EXERCISE DETAILS: From the line with "2733 ARATA CORPORATION: Trend" to the line with "Greek vs Sierra", output every line below exactly, both ends included. Skip the pictures.

DATASET:

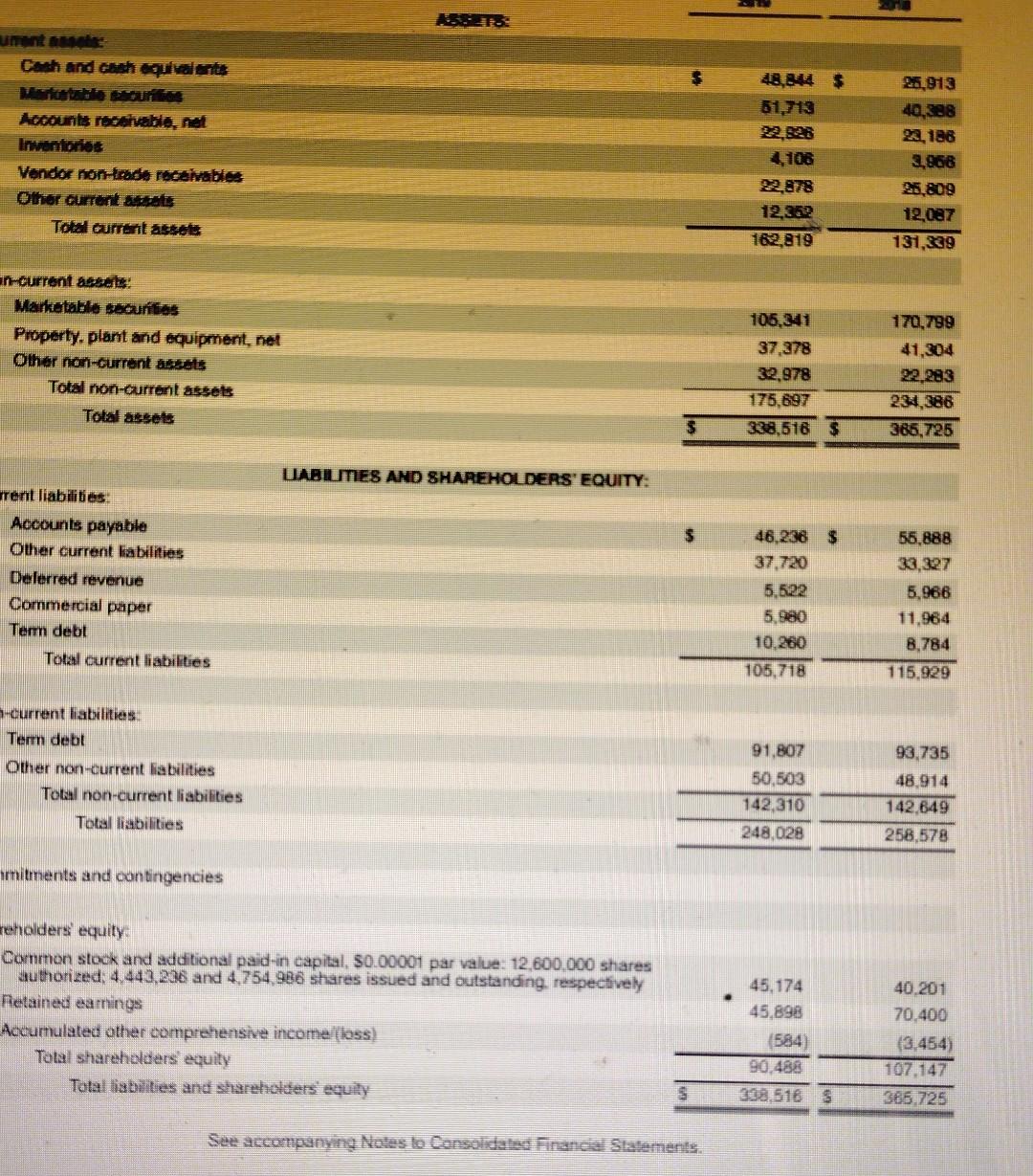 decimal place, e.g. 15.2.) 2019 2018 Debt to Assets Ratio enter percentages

---

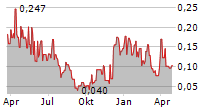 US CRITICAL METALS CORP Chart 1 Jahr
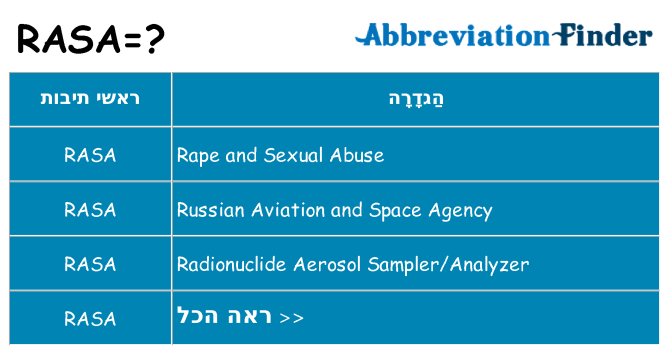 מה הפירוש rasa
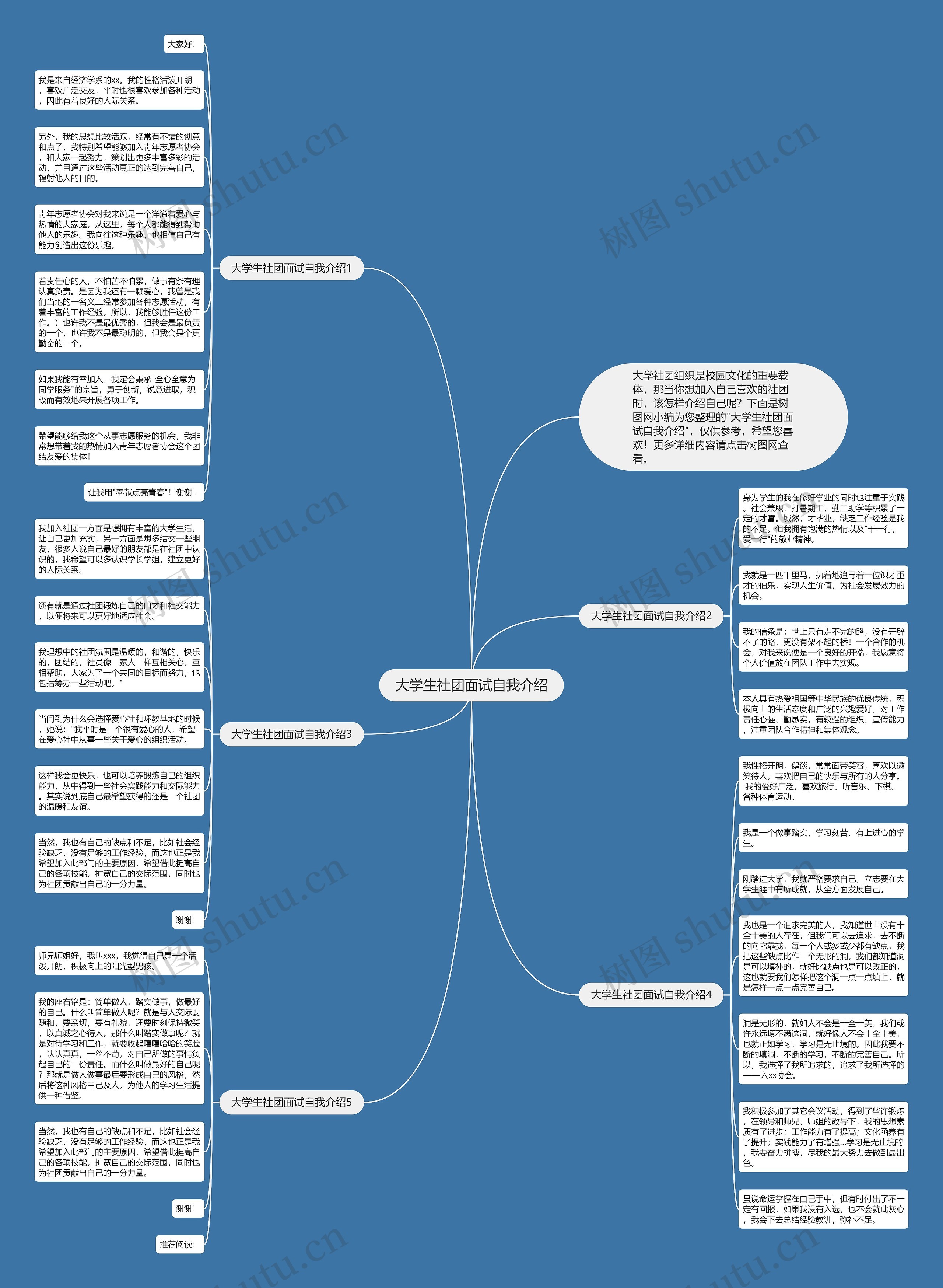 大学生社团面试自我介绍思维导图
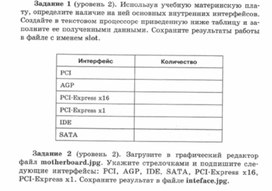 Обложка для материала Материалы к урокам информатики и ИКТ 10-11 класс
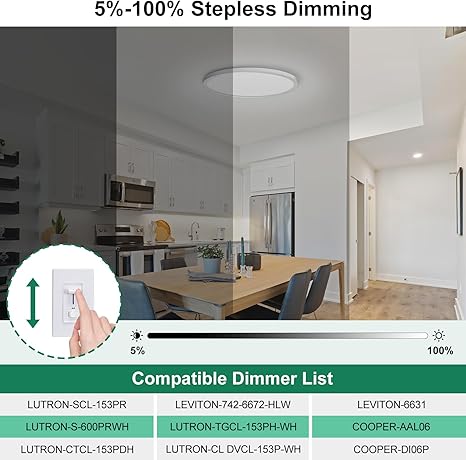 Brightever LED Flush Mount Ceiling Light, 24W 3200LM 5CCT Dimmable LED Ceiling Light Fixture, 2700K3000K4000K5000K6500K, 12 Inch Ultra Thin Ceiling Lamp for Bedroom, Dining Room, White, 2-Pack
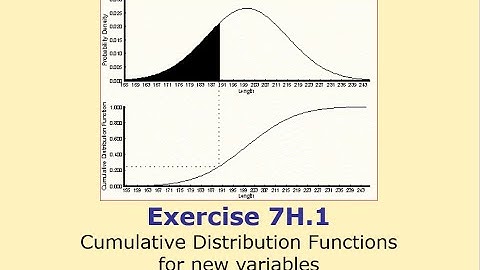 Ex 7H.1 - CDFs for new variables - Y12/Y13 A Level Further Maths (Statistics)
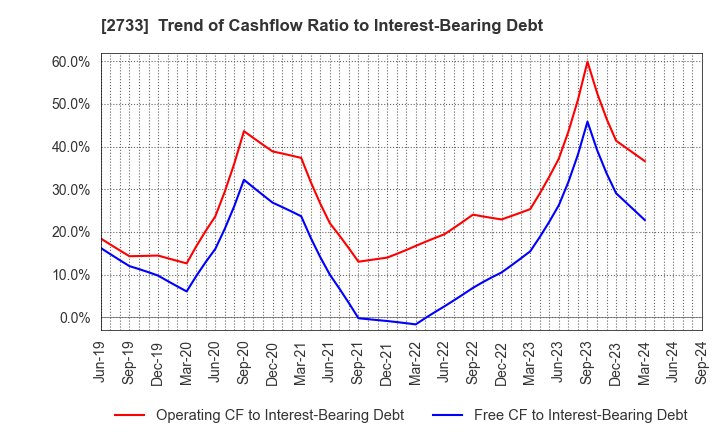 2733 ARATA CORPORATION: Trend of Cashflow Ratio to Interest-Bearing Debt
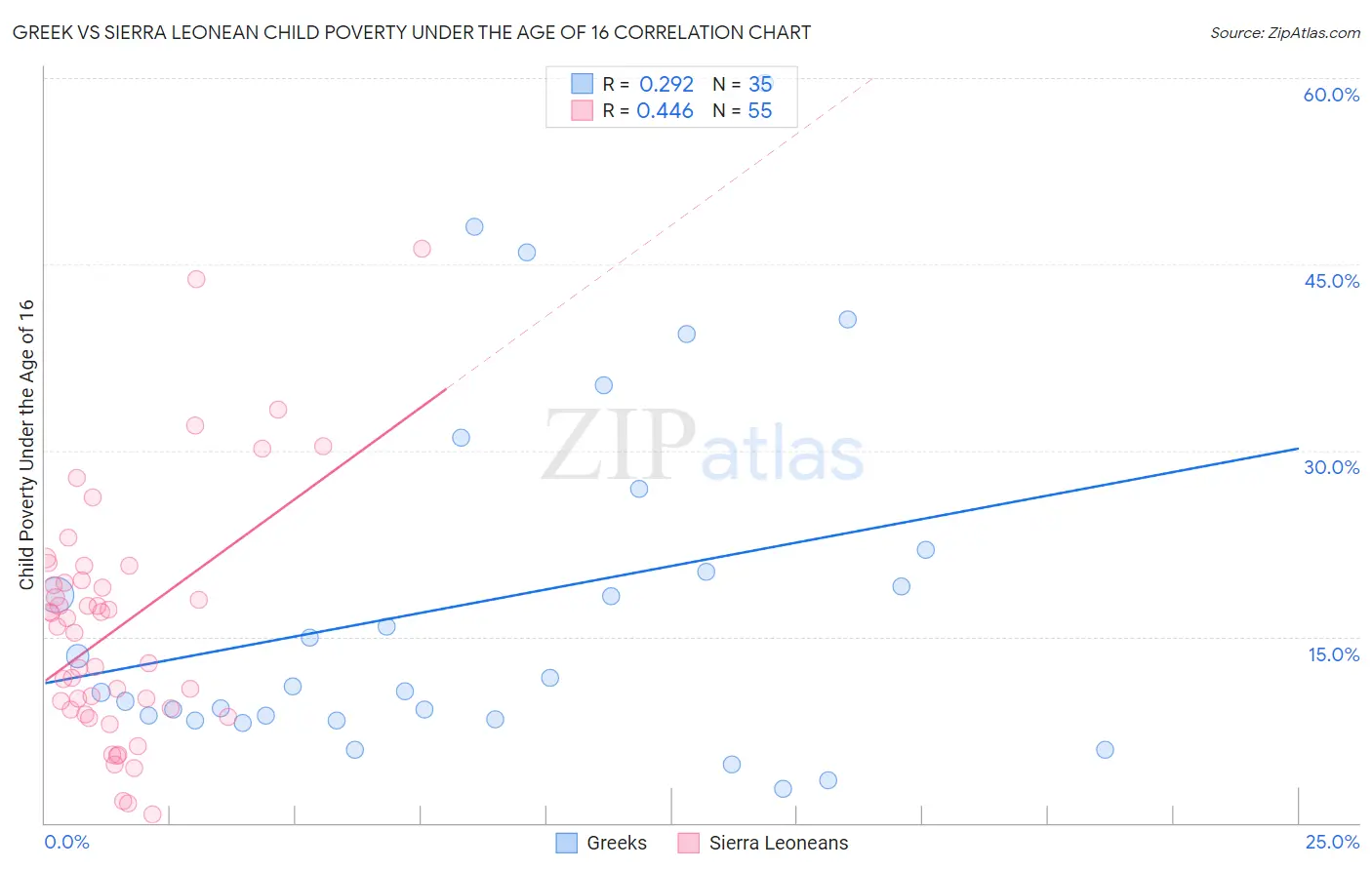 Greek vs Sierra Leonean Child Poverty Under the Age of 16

EXPECTED ANSWER:
 2733 ARATA CORPORATION: Trend of Cashflow Ratio to Interest-Bearing Debt
 Greek vs Sierra Leonean Child Poverty Under the Age of 16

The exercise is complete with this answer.